Improving performance elegantly - type stability

Good afternoon,

I have a couple of questions on how to improve performance. I read (a couple of times) the Performance Tips in the documentation but not everything is clear.
In fact, I became a little paranoid about “Type stability”, so that I multiplied all my functions when they cover Vector with float / Vector with complex / Array with float / Array with complex…

If this is indeed the right way to go, how could it be done in a more compact way. For instance, if I have the two following functions

function fun_vec(a, M)
        c = 0.
        for i in 1:length(M)
            c += a[i]*M[i]
        end
        return c
end

function fun_matrix(a, M)
        c = zeros(Float64, size(a, 2))
        for i in 1:length(M)
            @. c += a[i, :]*M[i]
        end
        return c
end

Can I make it “Type stable” with one function ? (when I tried, the command @code_warntype highlighted in red the body)

The same questions apply if I wanted to treat the case where a has its element Complex{Float64}, or if they are Interval (not sure if eltype will be detrimental). The latter is especially important for me since I must allow my functions to work with IntervalArithmetics.

I would say that the first question is “Can you make it (at all) with one function?”. I.e is there a way to have a generic code which, when called with arguments of different types, always computes what you want it to compute. In your case, since you broadcast some operations in the “matrix” case but not the “vector” case, none of your implementations work as intended for the other type (or maybe I did not understand what you intended to compute).

When you have a function, you can try to see whether it is type stable.

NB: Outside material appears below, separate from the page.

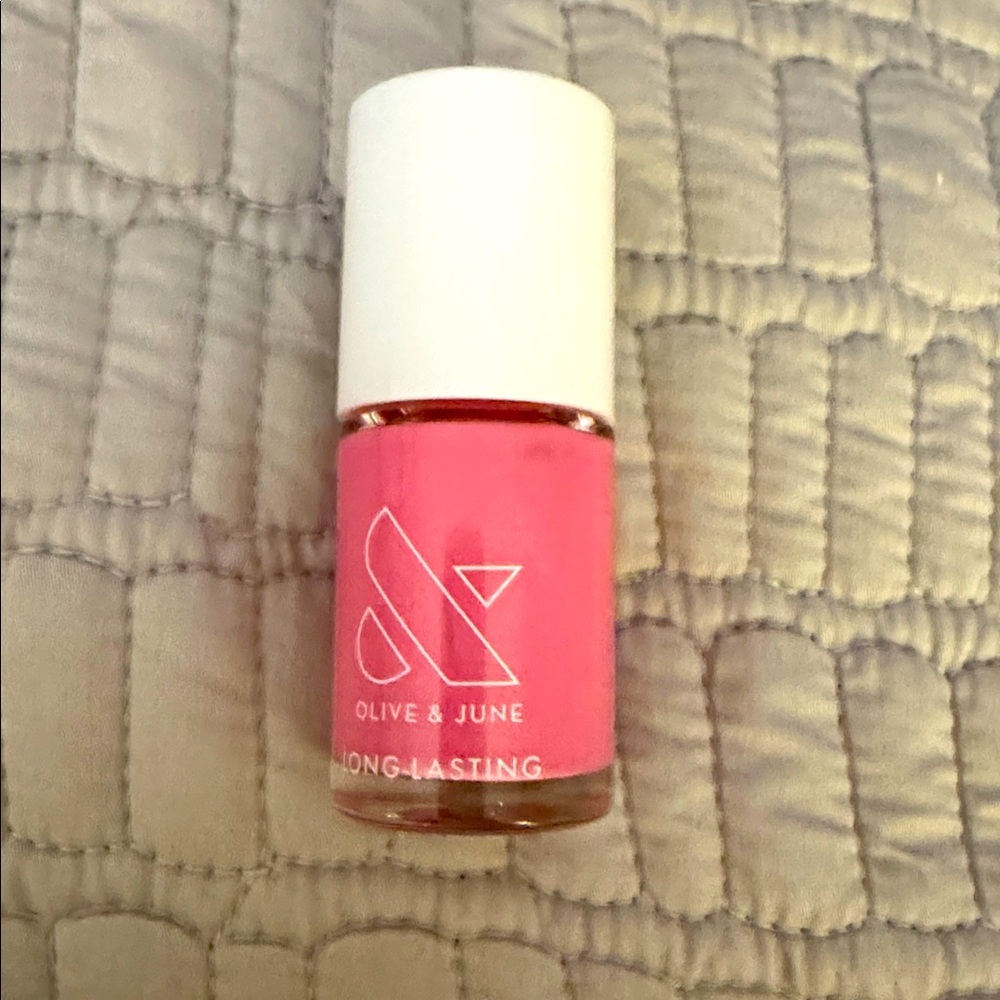 Olive & June Grateful & Kind Polish NEW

I’m not exactly sure what you’re trying to achieve here, but perhaps this is not too far from what you want:

function fun(a, m)
    c = zero(a[1,:])
    for i in 1:length(m)
        @. c += a[i, :]*m[i]
    end
    return c
end

Vector of Integers (note that it differs from your fun_vec implementation in that it returns a 1-element vector instead of a scalar)

julia> m = [1, 2, 3];
julia> v = [4, 5, 6];
julia> fun(v, m)
1-element Array{Int64,1}:
 32

Matrix of integers:

julia> a = [4 7;
            5 8;
            6 9];
julia> fun(a, m)
2-element Array{Int64,1}:
 32
 50

Vector of Floating-Points:

julia> m = Float64.(m);
julia> v = Float64.(v);
julia> fun(v, m)
1-element Array{Float64,1}:
 32.0

All these should be type-stable. For example in the last case where m and v are Float64 arrays:

julia> @code_warntype fun(v,m)
Body::Array{Float64,1}
2 1 ── %1   = (Base.arraysize)(a, 1)::Int64                                                          │╻╷╷╷              getindex
  │    %2   = (Base.slt_int)(%1, 0)::Bool                                                            ││╻╷╷╷              to_indices
  │           (Base.ifelse)(%2, 0, %1)                                                               │││┃││││             axes
  │           (Base.ifelse)(false, 0, 1)                                                             ││││╻╷╷╷╷             to_indices
  │    %5   = %new(Base.OneTo{Int64}, 1)::Base.OneTo{Int64}                                          │││││┃││               uncolon
  │    %6   = %new(Base.Slice{Base.OneTo{Int64}}, %5)::Base.Slice{Base.OneTo{Int64}}                 ││││││╻                 Type
  └───        goto #6 if not true                                                                    ││╻                 _getindex
  2 ── %8   = (Core.tuple)(1, %6)::Tuple{Int64,Base.Slice{Base.OneTo{Int64}}}                        │││               
  │    %9   = (Base.arraysize)(a, 1)::Int64                                                          │││╻╷╷               checkbounds
  │    %10  = (Base.slt_int)(%9, 0)::Bool                                                            ││││╻╷╷╷              checkbounds
  │    %11  = (Base.ifelse)(%10, 0, %9)::Int64                                                       │││││┃││││             axes
  │    %12  = (Base.sle_int)(1, 1)::Bool                                                             ││││││╻╷                checkindex
  │    %13  = (Base.sle_int)(1, %11)::Bool                                                           │││││││┃                 <=
  │    %14  = (Base.and_int)(%12, %13)::Bool                                                         │││││││╻                 &
  │           (Base.ifelse)(false, 0, 1)                                                             │││││││╻╷╷               Type
  │    %16  = (Base.and_int)(%14, true)::Bool                                                        ││││││╻                 &
  └───        goto #4 if not %16                                                                     ││││              
...

One of the key points here is to initialize c in the correct way, so that it has the adequate type (both in terms of array dimensionality and element type).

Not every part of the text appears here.